At Your Convenience

Food and nutrition. In concept it seems straightforward enough. Food is what we eat to obtain the nourishment and thus the energy to keep us going from day to day. Yet food has undergone radical changes over the past hundred years, especially in the industrialized West. People who lived at the turn of the 20th century wouldn’t recognize today’s grocery stores, and they certainly wouldn’t recognize much of what fills grocery store shelves as nourishment.

It all began with a push toward greater convenience in an increasingly mechanized world. Electricity and then electronics brought with them an endless stream of new gadgets for the home, each promising to make life easier in some way. Many of these time- and labor-saving devices were destined for the kitchen. Factories, too, were retooled to streamline the manufacture of everything, including food. But a growing segment of today’s population is concerned about healthy eating and about the place of heavily processed foods in their diet. Should convenience be the ruler by which we measure food and nutrition?

Some convenience foods actually predate the 20th century, among them canned soups, fruits and vegetables; gelatin dessert mixes; ketchup and other prepared condiments; pancake mixes; ready-to-eat breakfast cereals; sweetened condensed milk. After the First World War, these and more found their way into the kitchens of eager young housewives, with manufacturers often promoting their innovative products via free recipe books.

There’s no denying that flavor, texture and nutrients suffered, but people began to rely on these conveniences, and their tastes simply changed to accommodate. It was, after all, an era of scientific progress.

By 1937, as another world war threatened, the timing was perfect for the arrival of a processed, canned meat product called Spam. Currently celebrating its 75th anniversary, Spam was all but guaranteed to make a name for itself when the U.S. government included it in war rations to be shipped overseas to Allied troops. It was economical, had a long shelf life, needed no refrigeration, and was ready to eat straight from the can.

The processed meat product won a place in pantries back home as well, and for all the same reasons. During wartime, women joined the workforce in unprecedented numbers to fill in for all the men-turned-soldiers. This left less time to cook, and many of the newly employed were ready for quick, cheap, modern and convenient time-savers at the end of the day.

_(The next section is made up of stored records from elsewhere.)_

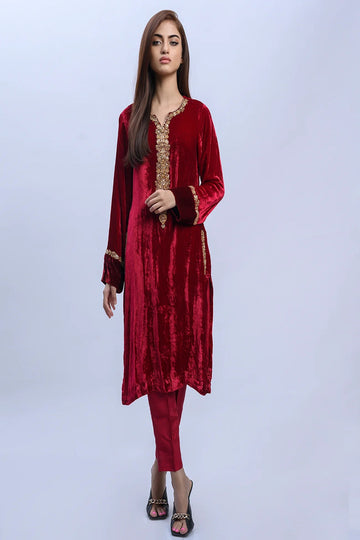 MAHNOOR MUJTABA | LUXURY PRET | VELVET ROSE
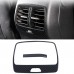 Free Shipping Carbon Style Armrest Rear Console A/C Air Vent Cover Trim Stainless Steel For Ford Bronco Sport 2021-2022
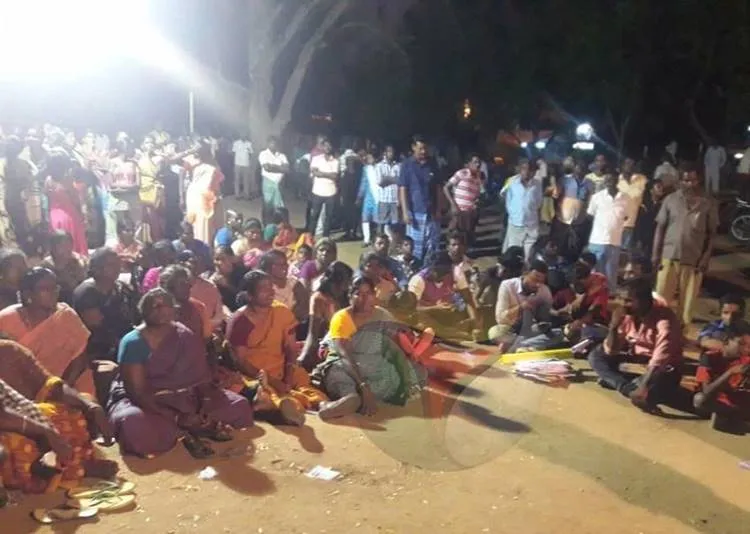 Sterlite Industries, A.Kumarettiyapuram, Pandarampatti, Villages Protest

After the war, women (whether or not they were still employed outside the home) were encouraged to embrace the frozen, dehydrated, canned and boxed foods that promised to save time in the progressive modern era and allow more time for new leisure options—for example, watching television. Of course, food manufacturers capitalized on the new medium, contracting with celebrities such as George Burns and Gracie Allen to promote an ever-growing number of new products on live television shows as well as on radio and in popular magazines; if Gracie liked Spam or evaporated milk, it had to be good!

Inevitably people began combining various convenience foods: a package of noodles, a can or two each of condensed mushroom soup, tuna and peas, some crumbled potato chips on top, and voilà—the tuna casserole was born. And for the ultimate side dish, a baked mixture of canned green beans, condensed mushroom soup and dehydrated fried onions. What could be simpler?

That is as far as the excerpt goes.